The spokesman of the China Securities Regulatory (CSRC) accepted an interview on relevant issues of the “Guidance Opinions on Further Reforming and Improving New Share Issuance System” (hereinafter referred to as “Guidance Opinions”) issued by the CSRC on June 10.
Reporter (R): Could you introduce the solicitation of public opinions regarding the “Guidance Opinions (Draft for Comment)”?
A: The CSRC started to solicit public opinions on the “Guidance Opinions” on May 22. As of June 5, the CSRC had received 1,687 feedback opinions by way of email and fax.
During the period, the CSRC also held seminars and invited representatives from various sides to discuss the “Guidance Opinions”. On May 25, we invited the executives from some securities companies, fund management companies and insurance assets management companies as well as the experts and scholars to exchange views on the methodology and specific measures for the reform of the new share issuance system. On June 3, relevant departments of the CSRC convened another seminar to hear the opinions of some sponsors. On the same day, the individual investors’ seminars were held in Shanghai and Shenzhen to hear their opinions and suggestions on the “Guidance Opinions”.
Market participants are generally in favor of reforming the new share issuance system. The market-oriented reform measures has learned from the experience of the overseas mature capital markets while taking into consideration the special situation of China’s capital market at this stage, and responded to the hot issues on new share issuance that attracted the market attention at present. Besides, the arrangement of implementing the reform by steps and deepening it at proper time has prudently considered the complicatedness of the growing market and nailed down the direction of further promoting the reform while conducting the current work. Market participants participating in the opinion solicitation also put forward some constructive opinions on the “Guidance Opinions”.
R: Which aspects that market participants’ opinions and suggestions regarding “Guidance Opinions (Draft for Comment)” center on? What are the changes to the “Guidance Opinions” officially issued this time compared with the Draft for Comment?
A: From the feedback opinions we found that the market participants’ opinions center on the following four aspects.
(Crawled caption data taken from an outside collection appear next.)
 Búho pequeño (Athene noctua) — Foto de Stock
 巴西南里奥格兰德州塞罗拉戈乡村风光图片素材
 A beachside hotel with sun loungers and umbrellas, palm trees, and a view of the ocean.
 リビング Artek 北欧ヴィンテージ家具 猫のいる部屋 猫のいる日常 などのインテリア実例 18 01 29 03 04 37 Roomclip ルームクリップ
Firstly, it is believed that at present, most investors have only one account respectively, while some investors have more than one account respectively. According to the regulation of China Securities Depository and Clearing Corporation Limited, a securities company can open a proprietary account with each RMB5 million registered capital, and the securities investment fund can open an account for each rented special seat for fund trading, which leads to more than one account for each person (institution). In accordance with the principle of fairness, it should be nailed down that one investor can only use one account to subscribe for new shares, so that shares distribution will effectively favor the small and medium investors with subscription intents.
Secondly, it is believed that the large number of shares locked up at present is to the disadvantage of restraining the market speculation. The shares lock-up should be eased to increase the amount of tradable shares.
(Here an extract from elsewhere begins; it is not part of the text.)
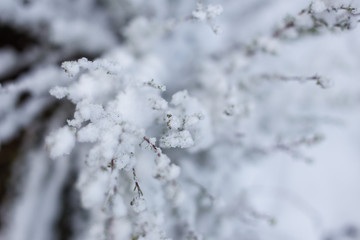 Close up image of branches covered in fresh snow near Ceres in t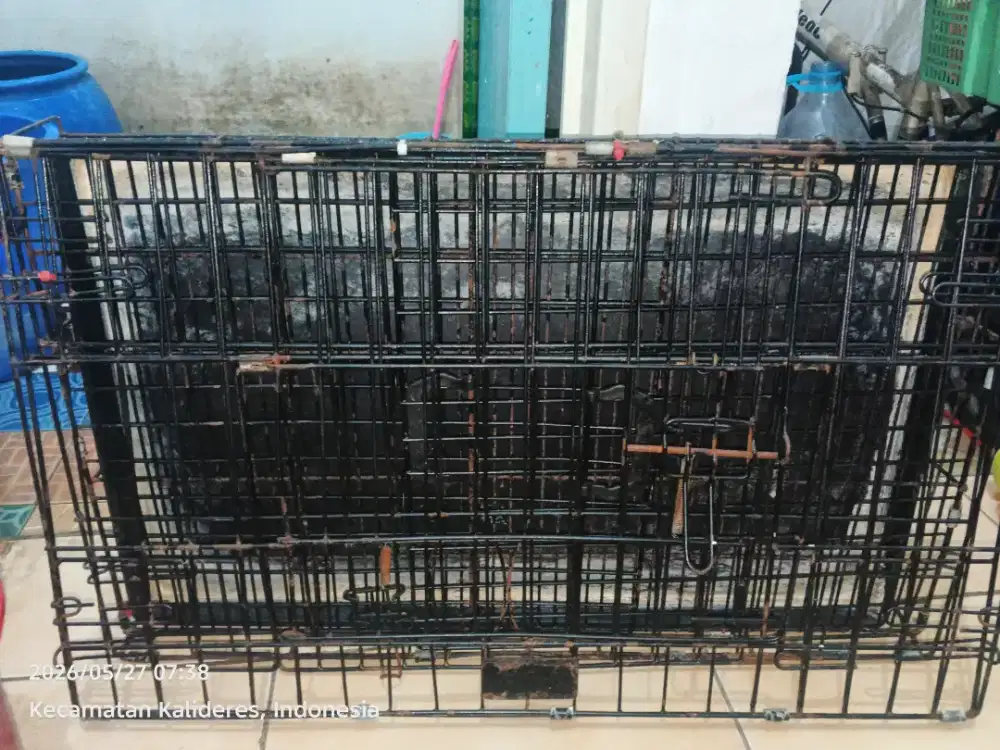 kandang ukuran besar muat 2-3ekor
Thirdly, it is believed that the issuance mechanism should be more flexible following the enhanced market-oriented pricing, and more independent options should be granted to securities dealers in such areas as clawback and issuance suspension.
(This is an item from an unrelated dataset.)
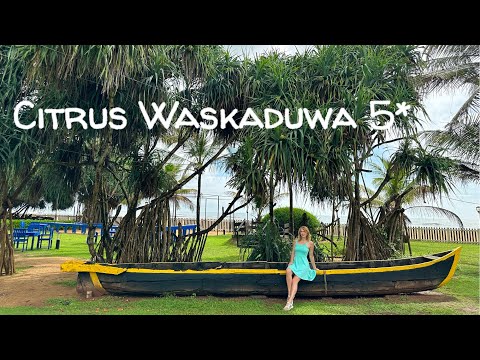 Видео: Citrus Waskaduwa 5* Шри-Ланка 2023 - стоит ли ехать, за и против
Fourthly, it is believed that the upper limit (one thousandth) of online subscription proportion is low and the amount of shares distributed to each account online is too small. It is suggested by corporate institutions that the upper limit of online subscription proportion for one single account should be increased to one-hundredth; if not, the offline issuance proportion should be increased. While some individual investors hold that the upper limit (one thousandth) is high and is not that favorable for small and medium investors, and suggest that it should be adjusted to one ten-thousandth or lower; if not, the online issuance proportion should be raised.
Upon careful research, we accepted the first three suggestions, based on which we modified and improved the “Guidance Opinions (Draft for Comment)” accordingly: firstly, regarding the account issue, the CSRC conducted the special clear-up of accounts in 2007 with remarkable results achieved, and raised clear requirements on the account usage and management of various parties. To clear up the doubts, we further clarify the requirement that “one single investor can only use one eligible account for new share subscription” in the recent reform measures. Secondly, the content of “adjusting the share issuance policy at proper time and increase the amount of tradable shares” is added in the basic reform contents. Thirdly, the principle of “improving the mechanisms of clawback and issuance suspension” is added in the basic reform contents.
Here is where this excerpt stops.